▶ _Problem_:
Below are the records; give again exactly the lines from the one containing "What happens after" through the one containing "So, let's dive", leaving out pictures.

▶ _Material provided_:
○ ○ ○

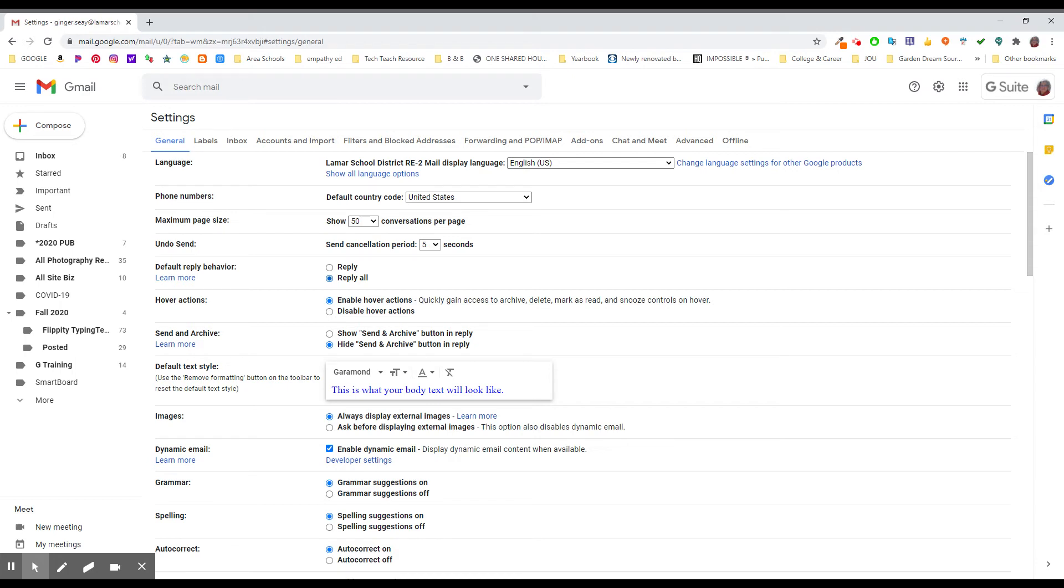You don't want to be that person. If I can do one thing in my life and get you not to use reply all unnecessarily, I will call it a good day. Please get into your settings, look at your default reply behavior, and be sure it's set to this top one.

○ ○ ○

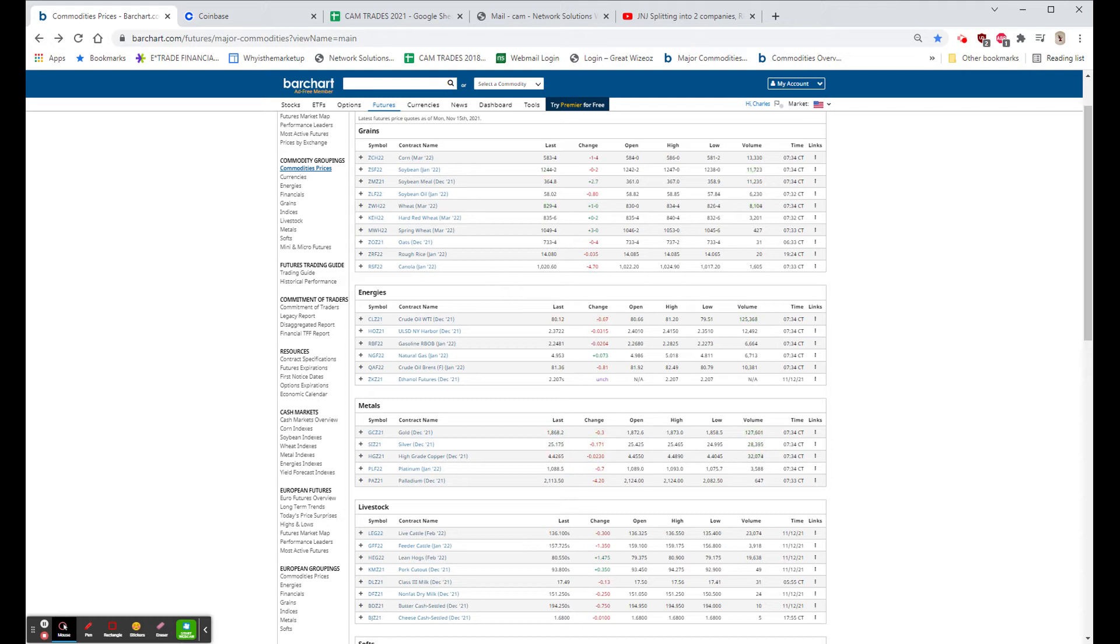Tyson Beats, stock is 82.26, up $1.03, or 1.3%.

○ ○ ○

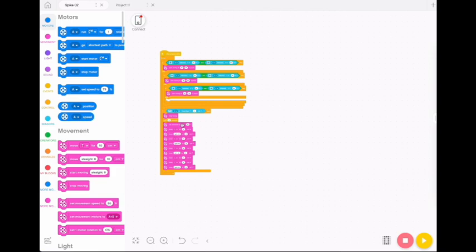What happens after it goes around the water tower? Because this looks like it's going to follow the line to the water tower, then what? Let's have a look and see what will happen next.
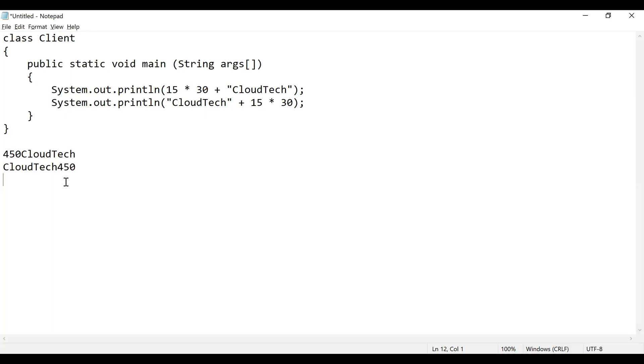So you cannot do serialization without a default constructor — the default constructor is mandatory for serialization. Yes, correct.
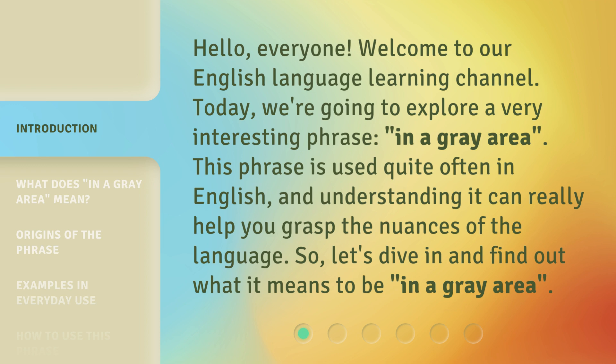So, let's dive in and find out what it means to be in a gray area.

○ ○ ○

▶ _Answer area_:
What happens after it goes around the water tower? Because this looks like it's going to follow the line to the water tower, then what? Let's have a look and see what will happen next.
So you cannot do serialization without a default constructor — the default constructor is mandatory for serialization. Yes, correct.
So, let's dive in and find out what it means to be in a gray area.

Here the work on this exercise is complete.